2018-05-17 Thread Jacob Pan
On Thu, 17 May 2018 11:41:56 +
"Liu, Yi L"  wrote:

> > +int iommu_report_device_fault(struct device *dev, struct
> > +iommu_fault_event *evt) {
> > +   int ret = 0;
> > +   struct iommu_fault_event *evt_pending;
> > +   struct iommu_fault_param *fparam;
> > +
> > +   /* iommu_param is allocated when device is added to group
> > */
> > +   if (!dev->iommu_param | !evt)
> > +   return -EINVAL;
> > +   /* we only report device fault if there is a handler
> > registered */
> > +   mutex_lock(&dev->iommu_param->lock);
> > +   if (!dev->iommu_param->fault_param ||
> > +   !dev->iommu_param->fault_param->handler) {
> > +   ret = -EINVAL;
> > +   goto done_unlock;
> > +   }
> > +   fparam = dev->iommu_param->fault_param;
> > +   if (evt->type == IOMMU_FAULT_PAGE_REQ && evt->last_req) {
> > +   evt_pending = kmemdup(evt, sizeof(struct
> > iommu_fault_event),
> > +   GFP_KERNEL);
> > +   if (!evt_pending) {
> > +   ret = -ENOMEM;
> > +   goto done_unlock;
> > +   }
> > +   mutex_lock(&fparam->lock);
> > +   list_add_tail(&evt_pending->list,
> > &fparam->faults);  
> 
> I may missed it. Here only see list add, how about removing? Who
> would remove entry from the fault list?
> 
deletion of the pending event is in page response function (int
iommu_page_response), once iommu driver finds a matching response for
the pending request, it will delete the pending event.
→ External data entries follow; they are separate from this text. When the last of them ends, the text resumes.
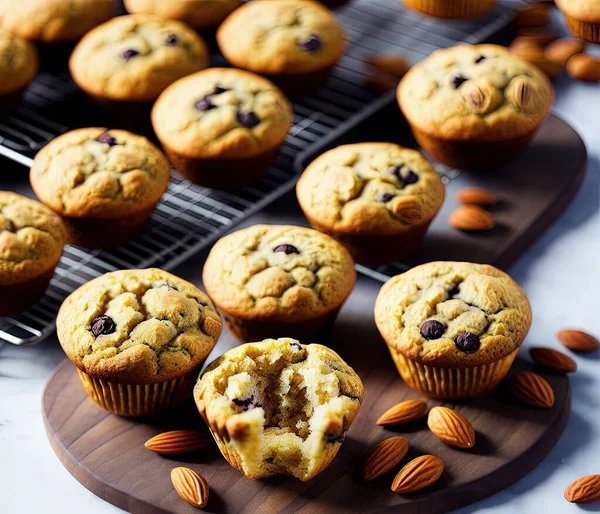 freshly baked muffins with chocolate chips and raisins on a wooden background.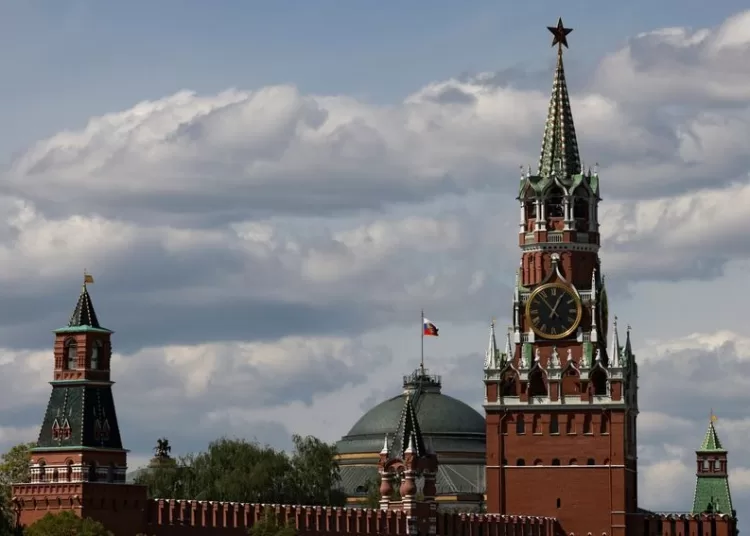 The Russian flag flies on the dome of the Kremlin Senate building behind Spasskaya Tower, in central Moscow, Russia, May 4, 2023. REUTERS/Stringer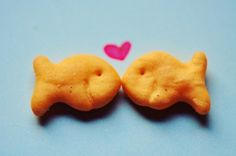 two heart shaped cookies sitting next to each other on a blue surface with pink hearts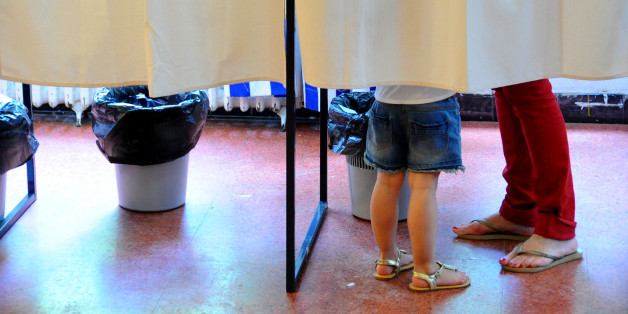 French people cast their vote during the second round of the French presidential election, on May 7, 2017 in La Marsa near Tunis, Tunisia. (Photo by Riadh Dridi/NurPhoto via Getty Images)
if the response never came, right now we don't delete it, just gives
warning.

> > +   mutex_unlock(&fparam->lock);
> > +   }
> > +   ret = fparam->handler(evt, fparam->data);  
> 
> I remember you mentioned there will be a queue to store the faults.
> Is it in the fparam->faults list? Or there is no such queue?
There are two use cases:
case A: guest SVA, PRQ events are reported outside IOMMU subsystem,
e.g. vfio
case B: in-kernel

The io page fault queuing is Jean's patchset, mostly for case
B (in-kernel IO page fault handling). I will convert intel-svm to Jean's
io page fault mechanism so that we can also have parallel and out of
order queuing of PRQ. I still need some time to evaluate intel specific
needs such as streaming page request/response.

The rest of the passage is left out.